Exercise -> Word for word, set down every line of the entries below from the line with "Chaveiro Comemoração de" to the line with "Black Palm Leaf", including both, and no other line.

Exercise data ->
============================================================
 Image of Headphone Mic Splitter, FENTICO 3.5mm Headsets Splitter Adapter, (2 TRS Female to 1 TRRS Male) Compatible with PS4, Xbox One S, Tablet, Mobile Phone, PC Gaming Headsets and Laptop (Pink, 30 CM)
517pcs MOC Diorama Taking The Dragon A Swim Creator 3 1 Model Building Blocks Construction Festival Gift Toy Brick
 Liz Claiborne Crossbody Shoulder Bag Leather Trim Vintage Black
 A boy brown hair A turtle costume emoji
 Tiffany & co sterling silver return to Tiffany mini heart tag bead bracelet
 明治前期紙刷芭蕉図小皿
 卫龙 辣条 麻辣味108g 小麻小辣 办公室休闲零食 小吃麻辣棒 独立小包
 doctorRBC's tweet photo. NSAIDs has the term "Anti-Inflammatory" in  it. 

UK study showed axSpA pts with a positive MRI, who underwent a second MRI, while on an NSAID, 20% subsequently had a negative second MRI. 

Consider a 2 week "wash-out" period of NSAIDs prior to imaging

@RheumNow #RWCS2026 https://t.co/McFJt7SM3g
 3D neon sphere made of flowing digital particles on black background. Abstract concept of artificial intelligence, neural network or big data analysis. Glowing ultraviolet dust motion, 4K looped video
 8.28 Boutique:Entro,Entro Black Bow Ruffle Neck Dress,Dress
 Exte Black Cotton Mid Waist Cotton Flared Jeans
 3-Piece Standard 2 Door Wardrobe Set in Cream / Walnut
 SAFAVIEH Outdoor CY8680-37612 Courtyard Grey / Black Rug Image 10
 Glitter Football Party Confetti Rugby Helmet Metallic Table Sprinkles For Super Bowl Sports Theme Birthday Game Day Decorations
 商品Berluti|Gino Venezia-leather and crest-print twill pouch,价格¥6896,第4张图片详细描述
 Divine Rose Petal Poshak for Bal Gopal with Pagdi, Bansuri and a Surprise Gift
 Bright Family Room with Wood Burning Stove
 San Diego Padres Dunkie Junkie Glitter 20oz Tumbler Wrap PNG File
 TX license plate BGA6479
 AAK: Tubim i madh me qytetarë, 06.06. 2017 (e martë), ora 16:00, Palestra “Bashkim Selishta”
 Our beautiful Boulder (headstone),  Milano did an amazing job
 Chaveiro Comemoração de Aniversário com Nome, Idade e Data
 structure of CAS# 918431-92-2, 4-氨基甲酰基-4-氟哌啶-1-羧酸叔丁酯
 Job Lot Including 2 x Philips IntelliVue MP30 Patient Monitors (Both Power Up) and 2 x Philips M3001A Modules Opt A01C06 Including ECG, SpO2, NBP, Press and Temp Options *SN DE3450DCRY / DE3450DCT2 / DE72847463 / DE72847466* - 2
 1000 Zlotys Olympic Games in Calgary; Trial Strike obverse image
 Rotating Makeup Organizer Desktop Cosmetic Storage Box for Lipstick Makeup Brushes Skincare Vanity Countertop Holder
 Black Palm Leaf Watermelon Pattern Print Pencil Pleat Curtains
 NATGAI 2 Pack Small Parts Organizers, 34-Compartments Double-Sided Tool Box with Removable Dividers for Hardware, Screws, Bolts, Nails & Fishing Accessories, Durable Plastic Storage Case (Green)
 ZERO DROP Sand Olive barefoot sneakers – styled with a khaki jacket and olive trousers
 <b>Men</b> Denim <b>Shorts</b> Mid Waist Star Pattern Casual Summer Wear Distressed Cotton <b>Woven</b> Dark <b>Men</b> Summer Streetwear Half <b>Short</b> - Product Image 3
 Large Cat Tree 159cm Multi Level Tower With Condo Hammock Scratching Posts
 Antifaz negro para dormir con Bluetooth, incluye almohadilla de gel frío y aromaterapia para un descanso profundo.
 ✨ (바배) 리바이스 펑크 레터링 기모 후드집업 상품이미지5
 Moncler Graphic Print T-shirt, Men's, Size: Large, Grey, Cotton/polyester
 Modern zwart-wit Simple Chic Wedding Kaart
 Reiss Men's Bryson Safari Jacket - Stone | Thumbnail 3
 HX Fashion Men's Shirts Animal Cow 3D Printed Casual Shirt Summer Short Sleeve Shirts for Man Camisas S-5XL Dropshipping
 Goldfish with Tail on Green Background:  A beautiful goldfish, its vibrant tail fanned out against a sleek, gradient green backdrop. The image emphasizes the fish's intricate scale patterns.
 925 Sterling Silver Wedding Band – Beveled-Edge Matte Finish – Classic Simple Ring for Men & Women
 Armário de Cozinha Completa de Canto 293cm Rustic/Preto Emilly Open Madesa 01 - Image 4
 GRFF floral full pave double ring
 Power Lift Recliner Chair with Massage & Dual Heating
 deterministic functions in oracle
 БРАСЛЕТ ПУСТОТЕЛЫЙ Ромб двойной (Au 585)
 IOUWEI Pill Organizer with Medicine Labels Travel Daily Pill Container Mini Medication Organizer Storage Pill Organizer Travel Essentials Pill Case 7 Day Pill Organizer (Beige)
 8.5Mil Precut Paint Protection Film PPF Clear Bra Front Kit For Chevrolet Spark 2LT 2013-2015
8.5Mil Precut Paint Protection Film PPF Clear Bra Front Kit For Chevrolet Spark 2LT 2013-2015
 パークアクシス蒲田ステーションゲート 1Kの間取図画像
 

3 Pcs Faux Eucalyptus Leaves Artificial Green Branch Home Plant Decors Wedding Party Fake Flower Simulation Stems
============================================================
Solution ->
 Chaveiro Comemoração de Aniversário com Nome, Idade e Data
 structure of CAS# 918431-92-2, 4-氨基甲酰基-4-氟哌啶-1-羧酸叔丁酯
 Job Lot Including 2 x Philips IntelliVue MP30 Patient Monitors (Both Power Up) and 2 x Philips M3001A Modules Opt A01C06 Including ECG, SpO2, NBP, Press and Temp Options *SN DE3450DCRY / DE3450DCT2 / DE72847463 / DE72847466* - 2
 1000 Zlotys Olympic Games in Calgary; Trial Strike obverse image
 Rotating Makeup Organizer Desktop Cosmetic Storage Box for Lipstick Makeup Brushes Skincare Vanity Countertop Holder
 Black Palm Leaf Watermelon Pattern Print Pencil Pleat Curtains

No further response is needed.